Ces objectifs ont soulevé des questions importantes : De quelle manière sont utilisées les ressources forestières ? Quelles parties du Darién ont davantage besoin d'être protégées ? Sur quoi devraient se concentrer les efforts d'application effective ?
Pour obtenir quelques-unes des réponses à ces questions, la BID a financé une série d'études afin de prévoir comment l'utilisation des terres changerait après le bitumage de la route. Parmi ces études, il y en avait une d'analyse spatiale dans laquelle des données géographiques et socioéconomiques ont été utilisées pour construire un modèle qui indiquerait des changements en fonction de réductions du coût des transports et d'autres facteurs. Gerald Nelson et Virginia Harris, tous deux de l'Université d'Illinois, et Steven Stone, un spécialiste de l'environnement à la BID ont réalisé cette étude.
En gros, ils ont trouvé que le fait de goudronner la route aurait relativement peu d'impact sur le déboisement de la province, particulièrement dans le parc national. Cela ne précipiterait pas non plus l'extraction de bois d'oeuvre à valeur élevée, en grande partie parce que la majorité du bois d'oeuvre de valeur avait été enlevée après que l'achèvement du chemin de terre en 1984.
Cependant, le bitumage de la route pourrait sensiblement réduire les forêts d'arbres "cativo", une espèce commerciale utilisée pour la fabrication de contre-plaqué. Les forêts seront probablement remplacées par des pâturages et plus tard par des forêts dominées par des arbres dénommés "cuipo", une espèce ayant une faible valeur commerciale. Par ailleurs, le bitumage de la route augmentera probablement la zone consacrée aux pâturages de près de 500 km2.

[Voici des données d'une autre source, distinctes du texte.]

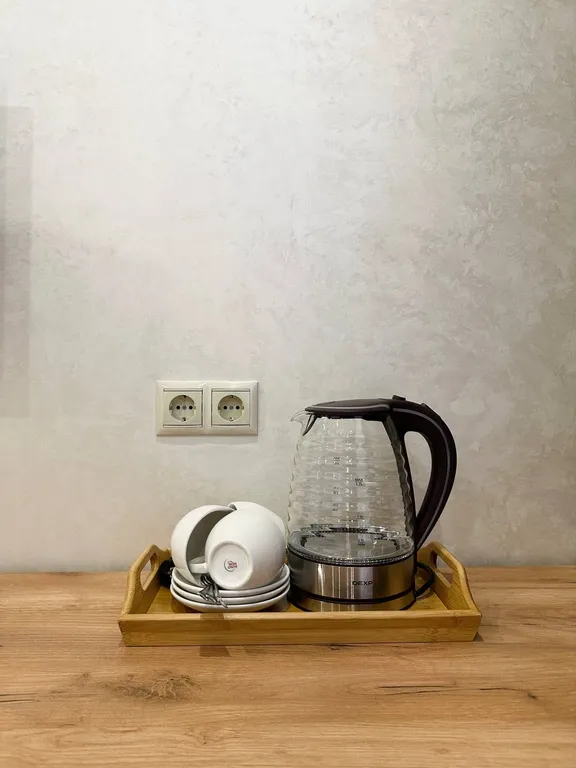 Квартира Комната — Адлер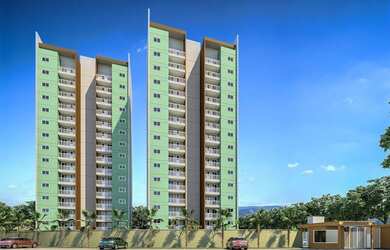 Imagem 3: APARTAMENTO RESIDENCIAL em Hortolândia - SP, Firenze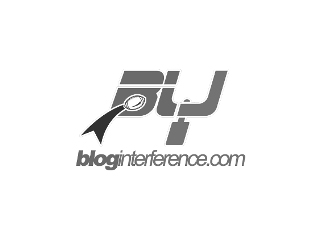 Blog Interference
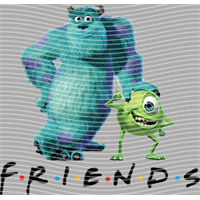 Disney Style-DSN 934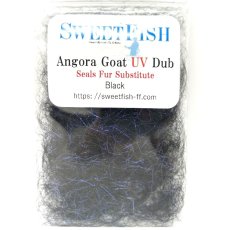 画像11: Angora Goat UV Dub　スイートフィッシュ (11)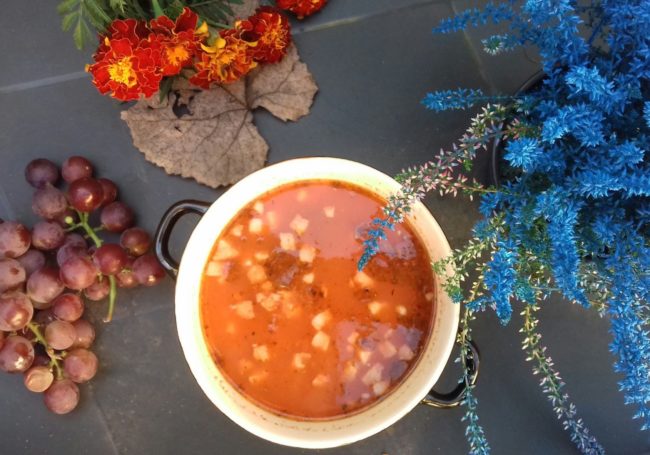 Lekka fasolka? Możliwe.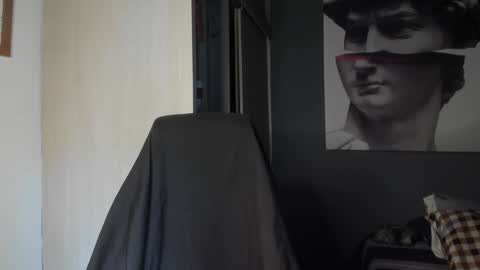 Andres online show from December 18, 2025, 5:30 pm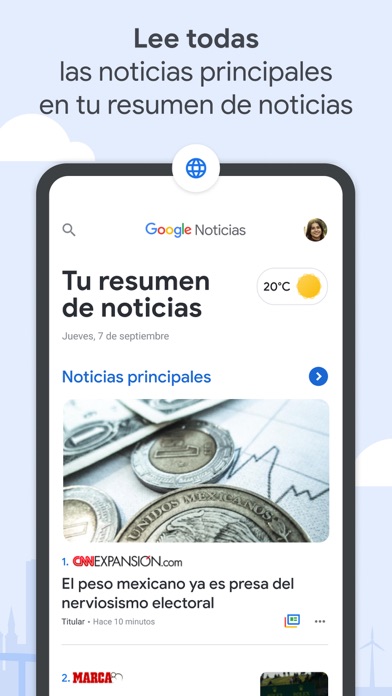 LC Coletor de dados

Dans un autre cas de figure, les auteurs ont essayé de prévoir ce qui se passerait si le même système de droits de propriété et de pratiques liées à l'utilisation des terres, en vigueur à l'heure actuelle sur une réserve indigène située dans la partie nord-est de la province, devait être étendu à la province en entier. Ils ont trouvé que cela réduirait considérablement toutes sortes d'intervention humaine dans cet environnement. La zone couverte par les forêts de cativo triplerait petit à petit, et les zones utilisées à présent pour les pâturages et l'agriculture retrouveraient des forêts à dominance de cuipo.
"De toute évidence, l'éthique culturelle concernant l'utilisation des terres ainsi que les droits de propriété efficaces font une différence pour l'utilisation des terres dans la province de Darién", écrivent les auteurs de cette étude. A la suite de ces conclusions et d'une série d'autres études entreprises pour la préparation de ce projet, une stratégie en différentes étapes - liant les avantages en matière d'attribution de droits de propriété et de démarcation des terres avec le bitumage de tronçons de la route - vient d'être adoptée afin de préserver les caractéristiques de la région et de ses habitants.